IoT facilitates an efficiency leap for the lift world
Lifts are predestined for IoT (Internet of Things) applications. This is why the Cedes Group is developing a new portfolio of sensors.
By Christian-Erik Thöny
IoT permits a completely new dimension of connectivity in all kinds of industrial applications and products. This is based on the data collected by a constantly increasing number of sensors installed of every variety. The result is a "raw material" whose availability, unlike oil, is inexhaustible.
The international weekly, "The Economist", actually declared data to be the oil of the 21st century: it was the most valuable resource today. However, data have to be refined just like oil. Artificial intelligence plays a decisive role here. Data only become strong and usable once they are linked in peripheral systems, such as additional lifts, escalators, building controls, air conditioning or automatic doors.
As a result, IoT has developed into an enormous industry with very high growth rates.
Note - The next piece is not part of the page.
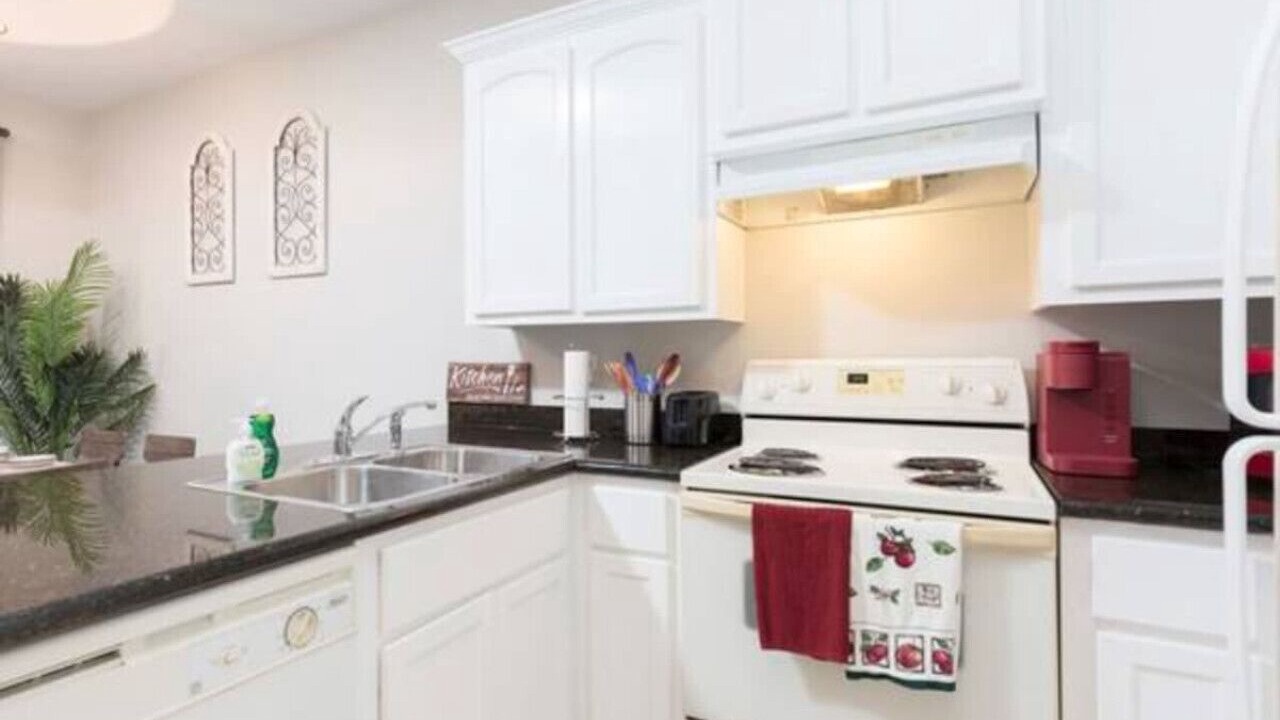 Photo of Kitchen in Edinburg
The worldwide turnover is expected to grow in just five years from 201 billion dollars in 2022 to 483 billion dollars in 2027.
New product portfolio Photo: © IoT Analytics
Lifts are predestined for IoT applications since they have a high degree of standardisation and due to urbanisation and demographic development represent an increasingly important vertical means of transport.
The Cedes Group has accepted this challenge and developed a new sensor product portfolio ("Fusion"), which has the ability to communicate with higher clouds and as a result makes IoT in the lift sector possible in the first place.
Metaphorically, these new Cedes sensors are not just able to "see" (through the light curtain") but also acquire additional "senses" such as "acceleration", "pressure", "temperature" and "humidity". This permits the evaluation and monitoring of the function and status of the lift in its ambient environment. The operating status analysis is completed through combination with the operating data of the drive elements such as motors and controllers. The passenger flows are recorded and the operator of the lift or lift cluster obtains valuable information on how the lift is used.
AI-supported features analyses
However, AI-supported evaluations are even more important for service. It will be possible to determine or predict fairly accurately which components are going to be in a negative trend and will fail in a particular period. Based on this comprehensive number of status data with AI-supported feature analyses, the ability to make highly accurate forecasts is easy to imagine.
The prospect of enhancing the quality of service and making it more efficient, faster – i.e. more economic – is fascinating. As if this were not enough, it will permit monitoring the quality of the service work itself. Service can be performed by a wider group since thanks to the comprehensive information above, the service deployment is simplified.
Partnership with relayr Photo: © IoT Analytics
The AI-"refined" status data of the Cedes "Fusion" sensor are sent to the cloud by the communication capable system. The data are prepared in combination with AI in the cloud and linked to additional lifts and other relevant systems. As a result, a "common operating picture" (COP) arises, which provides a comprehensive description of the lift or lift cluster in its actual environment. This cloud system is operated by the "Skyler Elevate" system of the experienced company relayr (in partnership with the Cedes sensor systems).
Currently, it is becoming increasingly clear that all kinds of interest groups related to lifts and escalators want to have the operating data. Sooner or later, these will have to be provided at least in part by the manufacturers and service companies. This will happen – whether we want it or not, with us or without us.
The state procures the data
The state of Singapore is a pioneer, a role model, so to speak. Data from all areas of life are recorded, prepared and provided in a data platform to all interest groups as DaaS (Data as a Service). This enables all app developers and operators to access these data and provide their SW services, SaaS (SW as a Service) to the public.
In Singapore, the focus is on the vertical transport in particular, i.e. the lifts. Since the lift OEMs do not provide the data, the state of Singapore has installed parallel non-invasive sensor systems in the shafts and procures the data itself. The service quality and costs are naturally monitored as a result.
The author was until recently CEO of the Cedes Group.